The Judge

The Judge

David Dobkin (2014)

The Judge has neither the scope nor the depth to justify its 141-minute running time.  This is a very familiar familial-legal drama – the screenplay by Nick Schenk and Bill Dubuque is original only in the technical sense.  Hotshot Chicago lawyer Hank Palmer (Robert Downey Jr) makes a good living defending clients whom he knows are often guilty.  His professional life is more successful than his personal one:  Hank is going through a divorce with his wife (Sarah Lancaster) and a battle for custody of their only child Lauren (Emma Tremblay).  He returns to Carlinville, Indiana, where he grew up, for his mother’s funeral – having been estranged for years from his father Joseph (Robert Duvall), a long-sitting state court judge.   As usual in this kind of piece, (a) home is the place the protagonist walked away from because (b) family life was full of unhappy memories in the form of (c) a few key traumatic events in childhood and adolescence.  For example, Hank’s elder brother Glen (Vincent D’Onofrio) was a promising baseball player until he was injured when the car the teenage Hank was driving crashed.  (Glen now runs a local motor supplies shop!)  The mental handicap of their younger brother Dale (Jeremy Strong) symbolises the emotionally crippled state of all the men in the Palmer family.   Judge Palmer is arrested in connection with a fatal hit-and-run accident that takes place on the night of the day of his wife’s funeral.  Hank thinks his mother’s death (she and his father were married fifty years) is causing the stern, self-righteous Joseph, a reformed alcoholic, to fall off the wagon.  In fact, the old man’s increasing égarement is an effect of the chemotherapy he’s been keeping quiet about.  Joseph goes on trial and Hank leads his defence.

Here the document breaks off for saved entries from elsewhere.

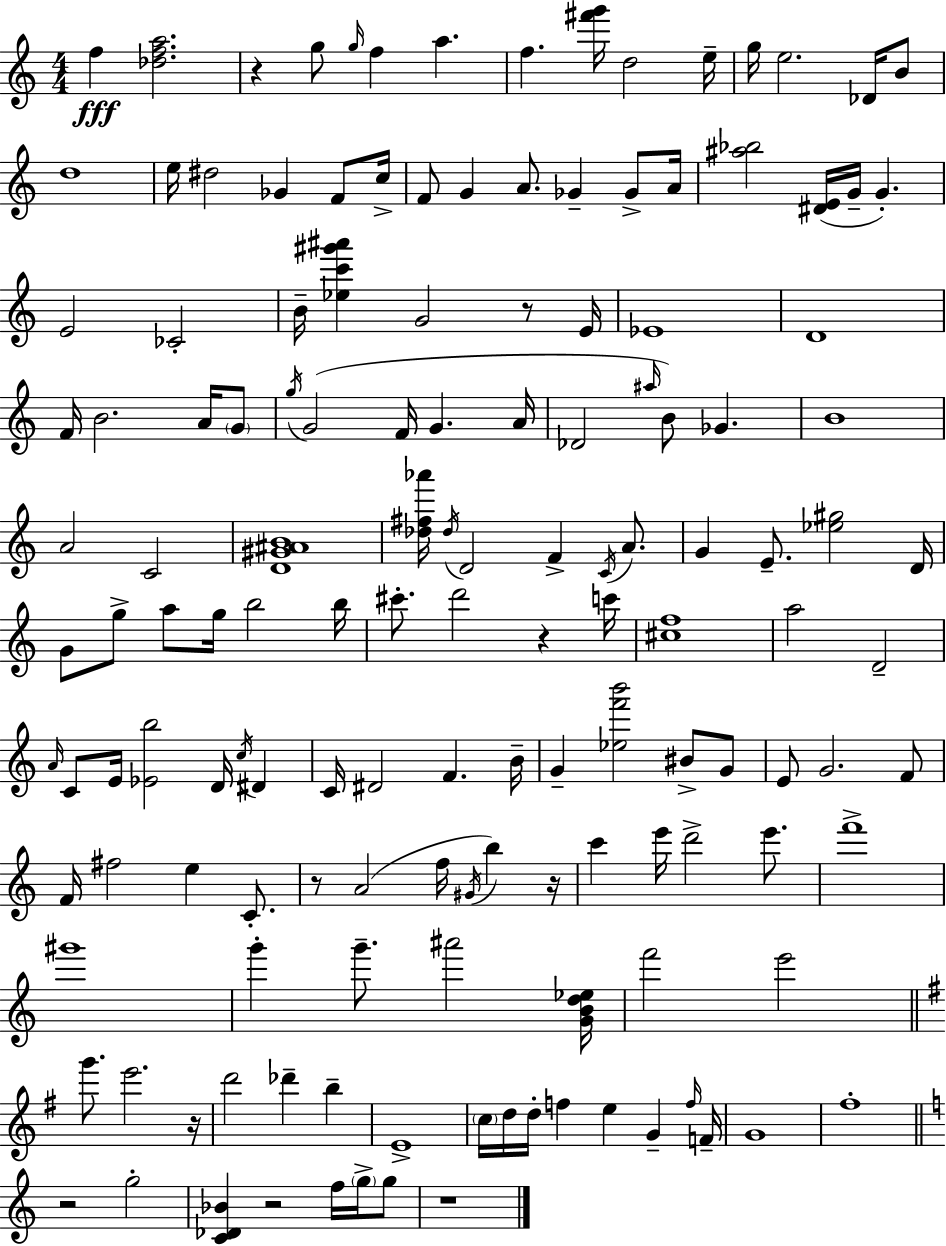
X:1
T:Untitled
M:4/4
L:1/4
K:Am
f [_dfa]2 z g/2 g/4 f a f [^f'g']/4 d2 e/4 g/4 e2 _D/4 B/2 d4 e/4 ^d2 _G F/2 c/4 F/2 G A/2 _G _G/2 A/4 [^a_b]2 [^DE]/4 G/4 G E2 _C2 B/4 [_ec'^g'^a'] G2 z/2 E/4 _E4 D4 F/4 B2 A/4 G/2 g/4 G2 F/4 G A/4 _D2 ^a/4 B/2 _G B4 A2 C2 [D^G^AB]4 [_d^f_a']/4 _d/4 D2 F C/4 A/2 G E/2 [_e^g]2 D/4 G/2 g/2 a/2 g/4 b2 b/4 ^c'/2 d'2 z c'/4 [^cf]4 a2 D2 A/4 C/2 E/4 [_Eb]2 D/4 c/4 ^D C/4 ^D2 F B/4 G [_ef'b']2 ^B/2 G/2 E/2 G2 F/2 F/4 ^f2 e C/2 z/2 A2 f/4 ^G/4 b z/4 c' e'/4 d'2 e'/2 f'4 ^g'4 g' g'/2 ^a'2 [GBd_e]/4 f'2 e'2 g'/2 e'2 z/4 d'2 _d' b E4 c/4 d/4 d/4 f e G f/4 F/4 G4 ^f4 z2 g2 [C_D_B] z2 f/4 g/4 g/2 z4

It’s not surprising that The Judge quickly fizzled out at the box office.  David Dobkin’s direction is no more imaginative than the story – why bother going to the cinema to see a movie-of-the-week that will soon turn up on TV anyway (even when the cameraman is Janusz Kaminski)?  The courtroom sequences in The Judge are, at least in their early stages, much superior to what British television viewers have been seeing the last few Monday nights, in the disappointing second series of Broadchurch, but things do get melodramatically ropy as the climax approaches.  Just as the prosecuting attorney (Billy Bob Thornton) gives up on trying to draw blood from Joseph and frustratedly confirms ‘No further questions’, the defendant clarifies his previous answer and the whole dynamic of the trial shifts.  The man killed in the hit-and-run, Mark Blackwell (Mark Kiely), had recently been released after serving twenty years for murder – a sentence handed down by Judge Palmer.  It emerges too that Blackwell was free to commit murder thanks to the very light penalty imposed by the Judge for an earlier crime.  Hank asks his father, in the witness box, to explain this uncharacteristic leniency.  The answer – helpful for anyone in the audience who needs reminding that Hank is Joseph’s son as well as his attorney – is that Blackwell’s plight reminded Judge Palmer of Hank as a troubled teenager.

This is not much of a film but I found it oddly restful to watch.  The characters, although their predicaments are clichéd, are mostly well played.  In the smaller roles, Billy Bob Thornton is acute as the prosecutor and Vera Farmiga, who deserves better roles, emotionally fluid as the old girlfriend Hank left behind in Carlinville.  Ken Howard is good too, as the judge at the judge’s trial.  What praise there’s been for The Judge has centred on Robert Duvall’s performance as Joseph.  An ornery, unsmiling traditionalist – a ‘holier-than-thou prick’, as Hank describes his father – might seem to come too easily to Duvall.  He’s impressive, though, not least because you’re aware that it may not come many more times to an actor now in his eighty-fifth year.  (Perhaps Duvall doesn’t look quite his age but he looks older than the character is meant to be – Judge Palmer is in his early seventies.)   It’s Robert Downey Jr, however, who’s the best reason for seeing The Judge.  Downey doesn’t always connect much with other actors but his sardonic, self-absorbed quality works well here.  He could be expressing unease about giving himself to such obvious material but Downey’s wit and reticence leaven with wryness the predictable ironies of the story.  He suggests a troubled nature – a man who won’t get conflicts out of his system as neatly as the script seems to suggest.   The score isn’t anything special but, being by Thomas Newman, it’s very pleasant.